Tenho estado apostado neste trabalho de ficção que estou a criar sobre um advogado (Frederico Pery), a reflectir muito sobre como alguém poderia ser, de alguma forma, um reformador da profissão. E nisto foco sobretudo, de que forma poderemos olhar para a profissão como alguma coisa em que as pessoas se empenhem, por ser uma profissão muito importante e de grande responsabilidade. Advogado, "gado" para pastar na pradaria, gordo e preguiçoso?! NÃO OBRIGADO! Alguém para servir?! Sem dúvida, creio que antes de mais, um advogado pode ser alguém que nos ajuda a viver a nossa vida - e de uma maneira melhor. É alguém que estudou e aprendeu para ser companheiro de vida. "Antes da tomada de qualquer decisão importante irei falar com um advogado" -  deveria ser o pensamento de qualquer pessoa. A própria origem etimológica da palavra "advogado" é "ad auxilium vocatus", o chamado para ajudar.  Um advogado assim poderá ser um sábio, que domina não apenas a técnica, mas que sabe perceber também as pessoas e as circunstâncias. Afinal a melhor definição de advogado é a da pessoa que tem jeito para lidar com pessoas e para resolver problemas complexos.

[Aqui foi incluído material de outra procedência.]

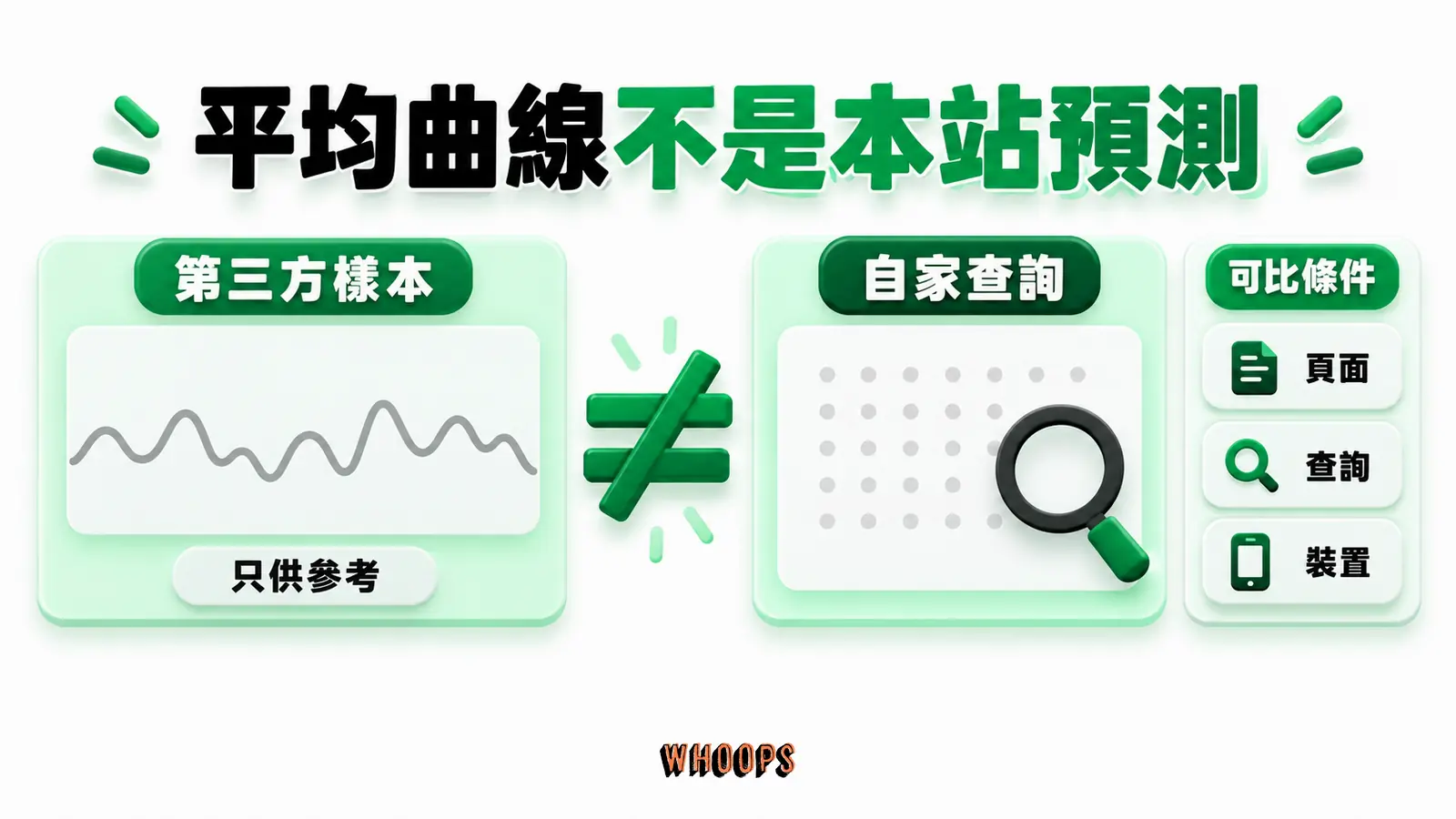 平均曲線不是本站預測:第三方樣本、自家查詢、可比條件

Por isso, se em comparação com 1960, temos actualmente muito mais advogados (o Pordata diz que eram 1964 nessa altura, agora somos 35.432, isto é 1 advogado para cada 285 cidadãos), creio que a sociedade na altura era menos conflituosa (era mais paroquial), também não deixa de ser verdade que pode ter havido uma diminuição das condições para o exercício da profissão, nomeadamente fruto da concorrência entre colegas. Somos dos países da Europa com mais advogados per capita. Mas na verdade, termos mais advogados - se tomarmos isso como algo que poderá ser termos pessoas mais qualificadas do ponto de vista do direito, tal poderá significar que poderemos ter bastantes "pilares comunitários". Seria necessário porém que se reflectisse mais no que pode ser a profissão actualmente, quais os seus grandes desafios. Um deles parece-me evidente e assemelha-se a um engenheiro civil: um advogado é sempre alguém que pode "fazer pontes", por exemplo entre os cidadãos e a Administração Pública. Conhecer como se exerce hoje a profissão é algo que seria importante fazer-se. Parece que existe algum mal estar na profissão, situações de depressão/burnout por exemplo.

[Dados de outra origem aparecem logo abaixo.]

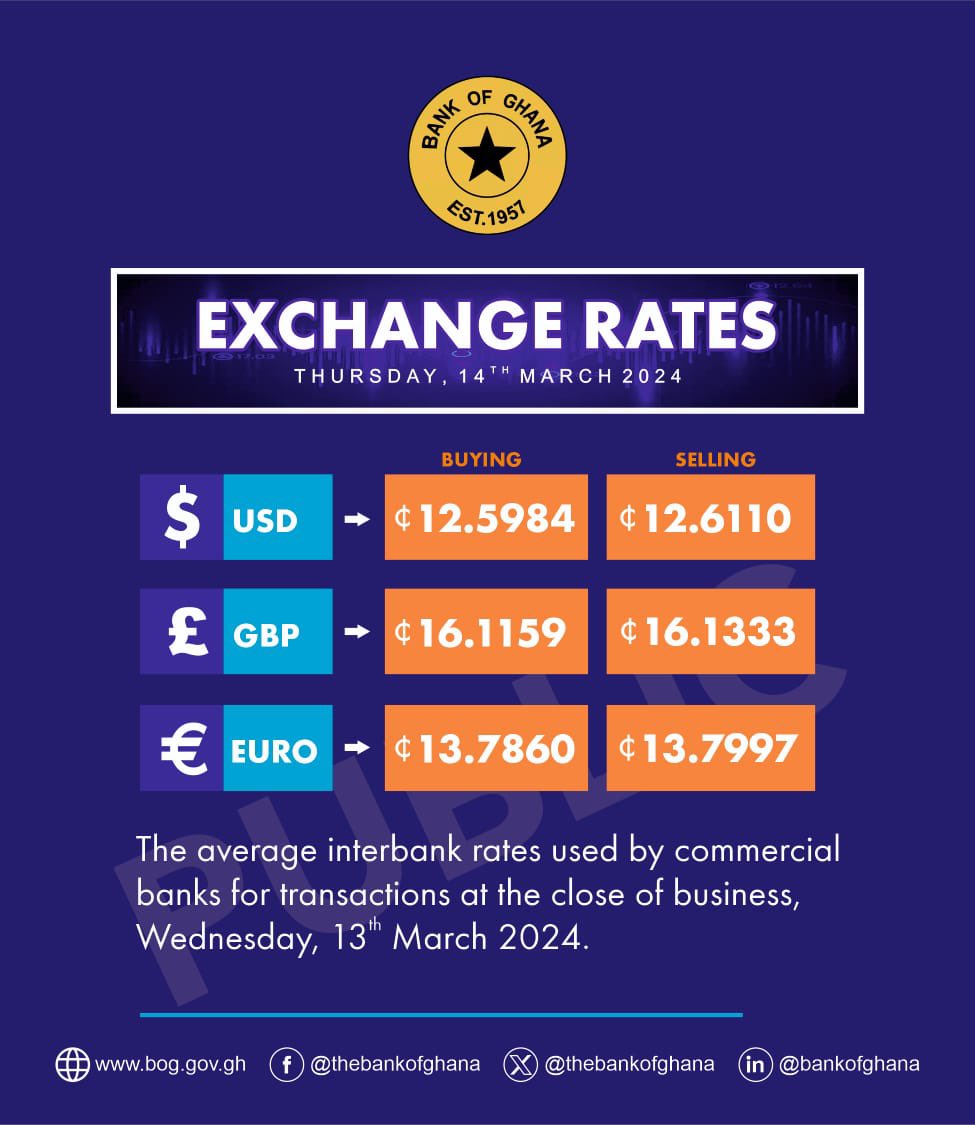 Bank of Ghana Exchange Rates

Creio que o que falta é muito este sentido, compreendermos que podemos ser importantes. Darmos importância àquilo que fazemos tem por efeito que aumentemos a nossa auto-estima. Como eu dizia a alguém recentemente um advogado é uma espécie de "cavaleiro da távola redonda". Lembro-me duma vez contarem-me a história de que o Papa João Paulo II quis dignificar um Pe. que estava desviado dos bons caminhos e lhe pediu para o confessar a ele. Ou seja, tentou reescrever a vida daquele sacerdote, dar-lhe nota da importância que o seu ministério tinha e da confiança que Deus depositava nele. 

Podemos acreditar nas coisas ou não. Timothy Radcliffe, OP, fala da importância da "hilaritas" nos nossos dias: o entusiasmo. Ontem também pensava que o bom-humor é essencial. Por isso, na história de Frederico Pery o que me interessa fazer é desmistificar as coisas. Tornar o difícil fácil. Como se faz isso? Há que estar atento, perceber que tudo são histórias humanas. Que na vida, tudo é condicionado por pessoas, pela sua natureza, pela sua vontade, pelas suas qualidades e defeitos. Nesse sentido, a frustração é algo que devemos reduzir, porque conseguimos perceber os caminhos que tomamos e o que é esperado: se metemos pelo IC19 em dia de ponta, é expectável que iremos demorar.

Dizia ao grupo ontem na Bertrand que estava a ler sobre o "sentido". Que procurava coisas em Jung, ou que lia filósofos como Paul Ricoeur. Todos eles falam de facto nestas coisas.

Ora, Frederico Pery tem o condão de conseguir inspirar os outros à mudança. E é isso que me parece importante: haver líderes inspiradores. Alguém que se coloque do lado dos advogados e que lhes diga: vocês são importantes! 

Como dizia James Hollis, escrever pode ser difícil, roubar-nos tempo para outras coisas. Mas se isso for aquilo para que somos chamados, valerá a pena. 

Será importante é dedicar no nosso dia tempo para a escrita. Poderá ser de manhã? Porque não?!